CARNATION® Dairy Processing Facility Becomes First in the U.S. to Achieve Alliance for Water Stewardship Certification

Facility redistributes more than 70 million gallons of water per year – returning more to the community than it uses to produce beloved evaporated milk brand.

Photo credit: Nestlé

Nestlé USA today announced that its CARNATION® facility in Modesto, California is the first dairy processing facility in the U.S. to earn certification under the rigorous Alliance for Water Stewardship (AWS) standard. The CARNATION® facility uses a “water positive” process to make evaporated milk, meaning the facility redistributes more water for farmers to use than it uses for production and cleaning.

The AWS Standard is the first, comprehensive global standard for measuring responsible water stewardship across social, cultural, environmental and economic criteria. Independent auditors from SCS Global Services assessed the facility’s performance metrics on water quantity and quality, the water sources within the catchment, and the stakeholder engagement process.

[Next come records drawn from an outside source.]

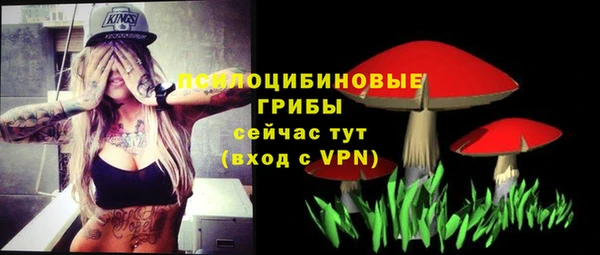 Альфа ПВП Нязепетровск
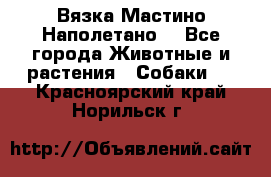 Вязка Мастино Наполетано  - Все города Животные и растения » Собаки   . Красноярский край,Норильск г.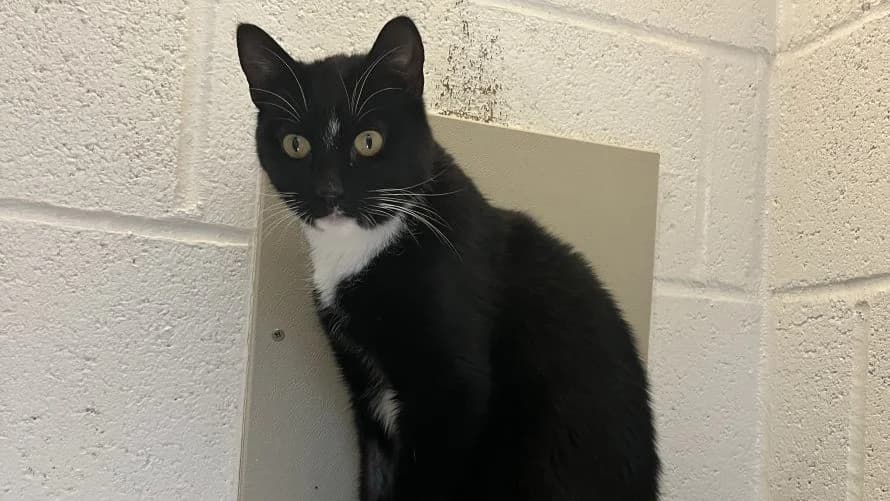 Snowball, male mixed breed for adoption at Battersea Dogs & Cats Home, London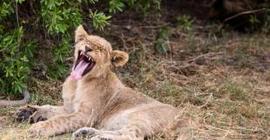 Африканские львы: один день из их жизни в фот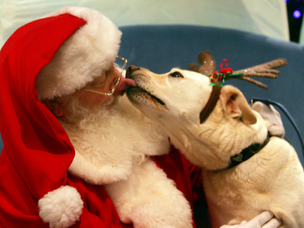 Guide to Pet Photos with Santa in Peterborough
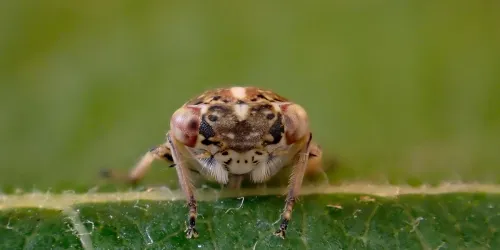 Idiocerus herrichi - photo 2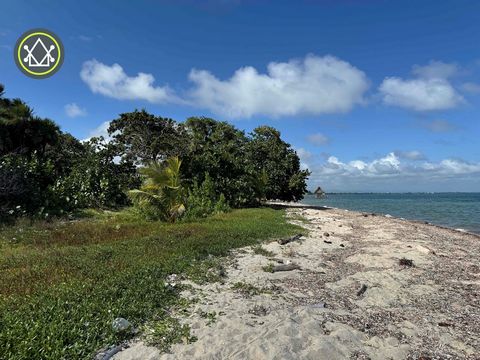 Spanning 2.8 acres, this beachfront property proudly presents 250 feet of direct beach access. Positioned just 5 minutes north of the central Placencia village and a short drive from the municipal airstrip, this development land offers an opportune l...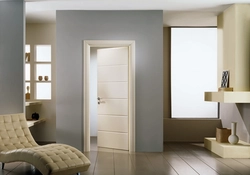 Doors in a two-room apartment photo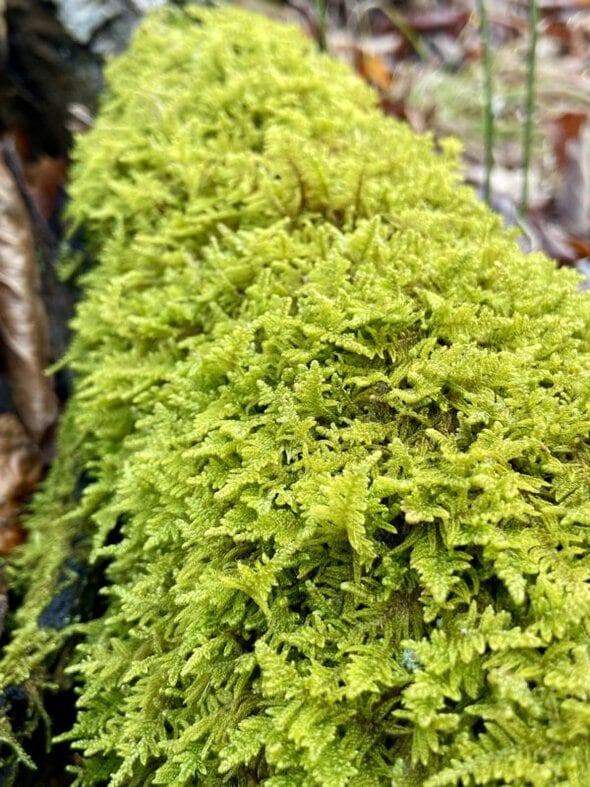 moss on a log.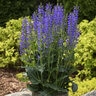 Salvia x Color Spires Indiglo Girl Proven Winners Sage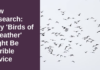 New Research: Why ‘Birds Of A Feather’ Is Terrible Advice
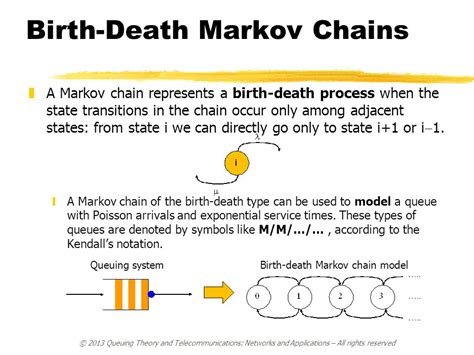 Birth and Death Processes And Markov Chains PDF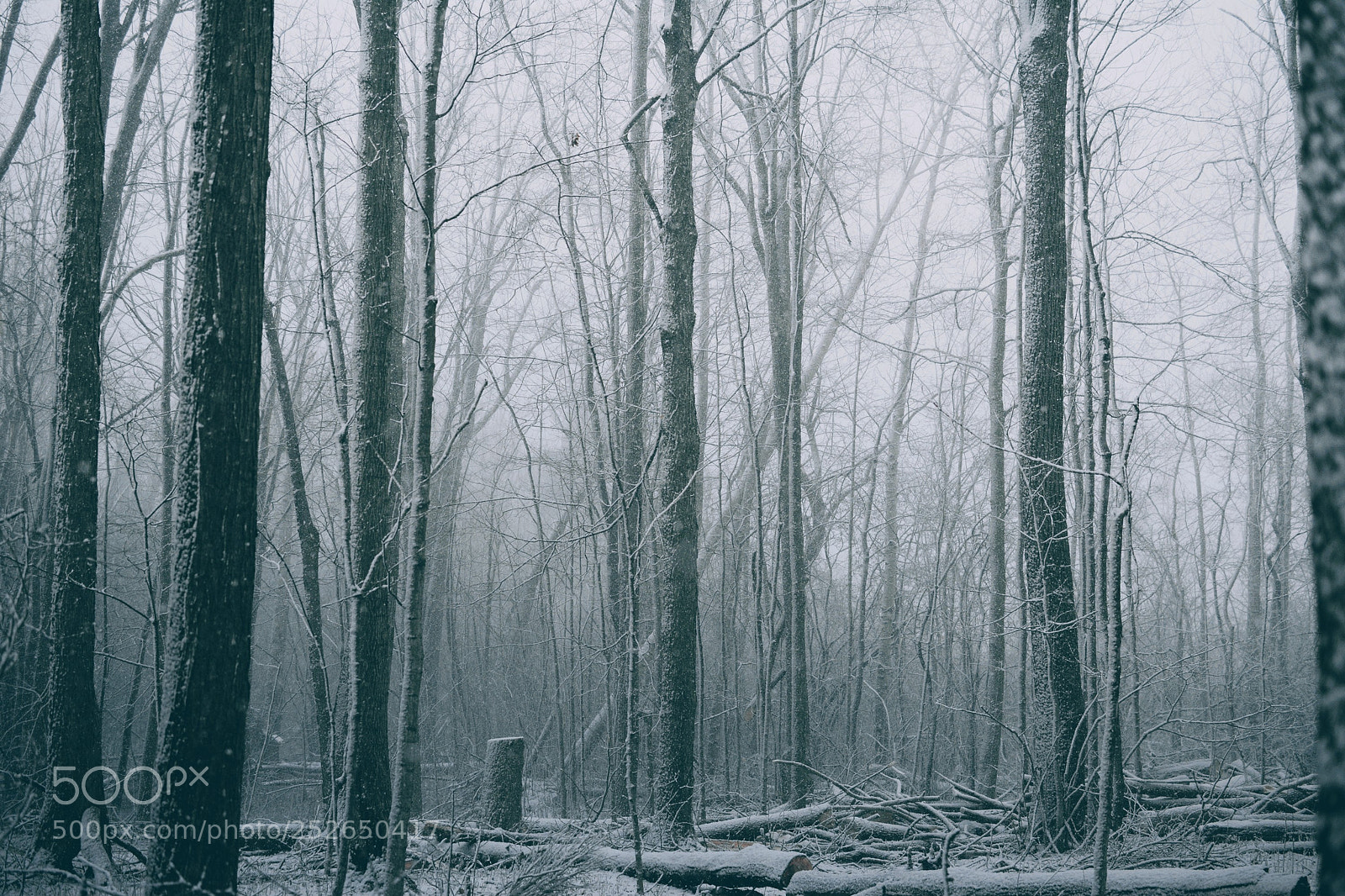 Nikon D7100 sample photo. Fallingsnow3 photography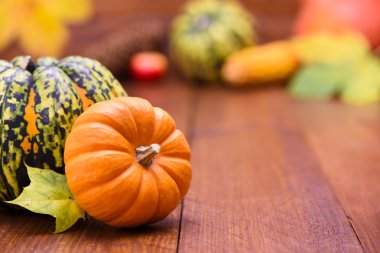 dekorasyon olarak kabak meyve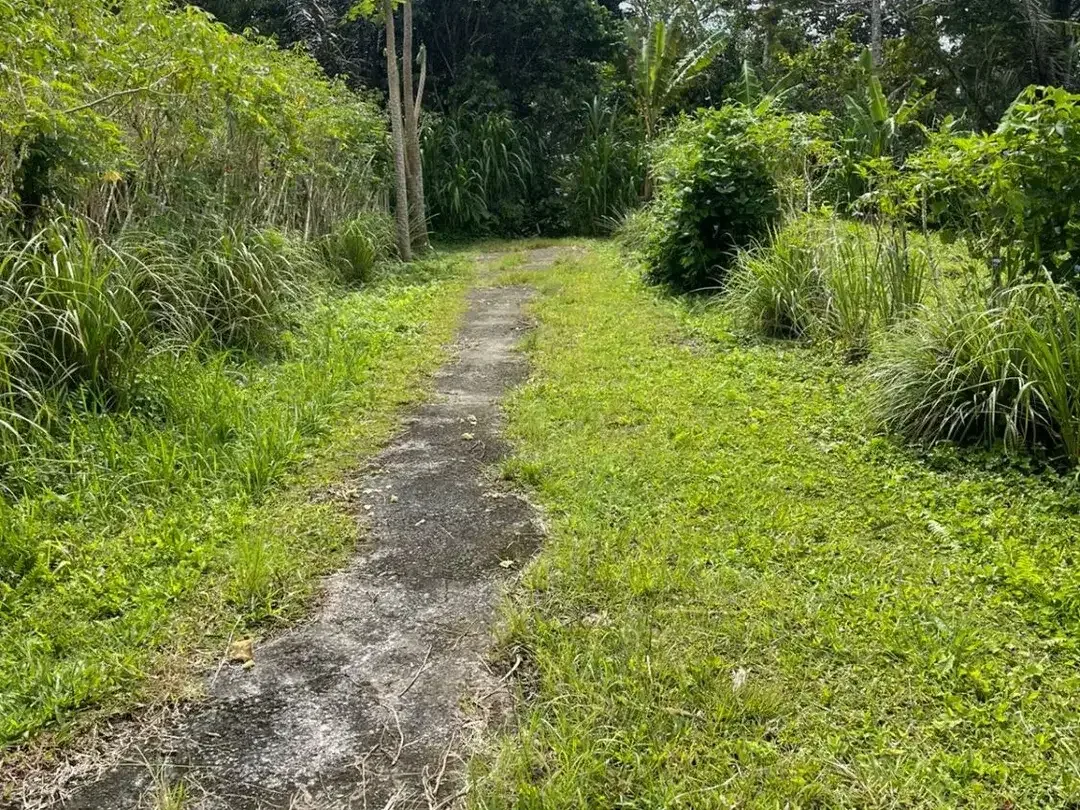 Murah! Tanah Kavling Luas 5,33 Are Dekat Wisata Jatiluwih, Tabanan - Image 3 of 10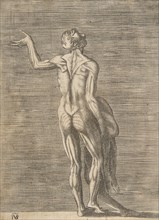 Flayed man with left hand on hip, holding skin in right hand, ca. 1531-76.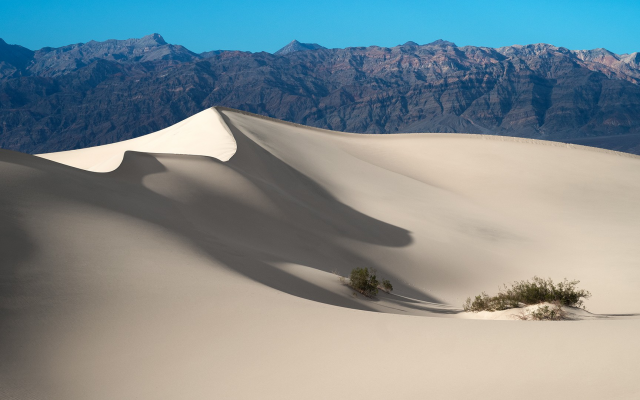 1920x1080 pix. Wallpaper Mesquite Flat, desert, sand, dune, Death Valley National Park, California, USA, nature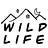 Wild Life with Amy Jay
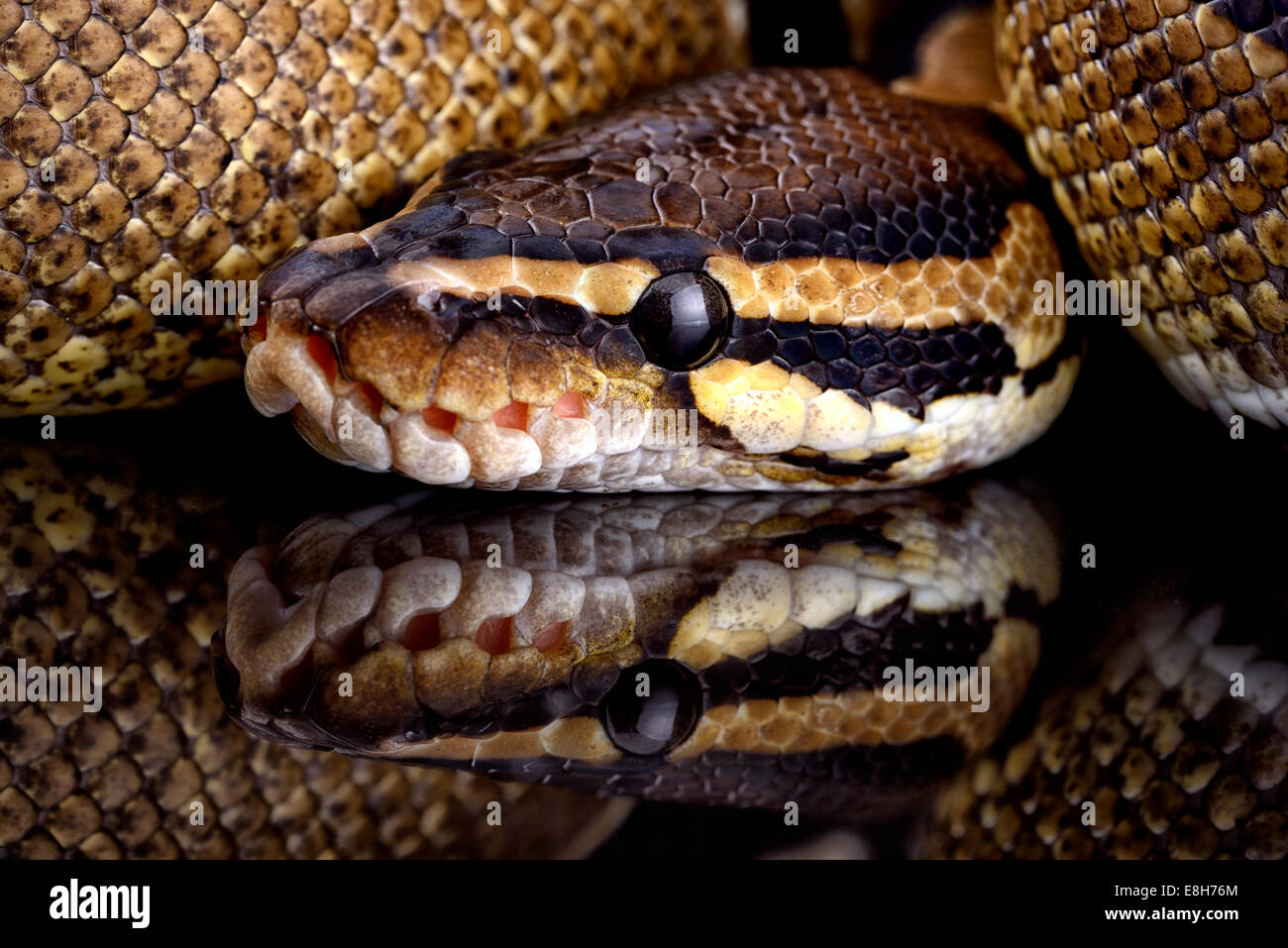 Royal Python, Python regius, partial view Stock Photo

In 2018, the facility developed a state-of-the-art water recycling system. Nestlé USA sources fresh milk from family dairy farms to make its evaporated milk, a process that involves removing water from milk. The facility now treats and reuses a portion of that water in cleaning processes and the balance is made available to the community. Thanks to the facility’s efforts and investments by the City of Modesto in managing wastewater, the CARNATION® facility now returns more water for reuse in agriculture than it uses. The facility returned more than 70 million gallons of water to the watershed in 2020, enough to fill 100 Olympic-sized swimming pools.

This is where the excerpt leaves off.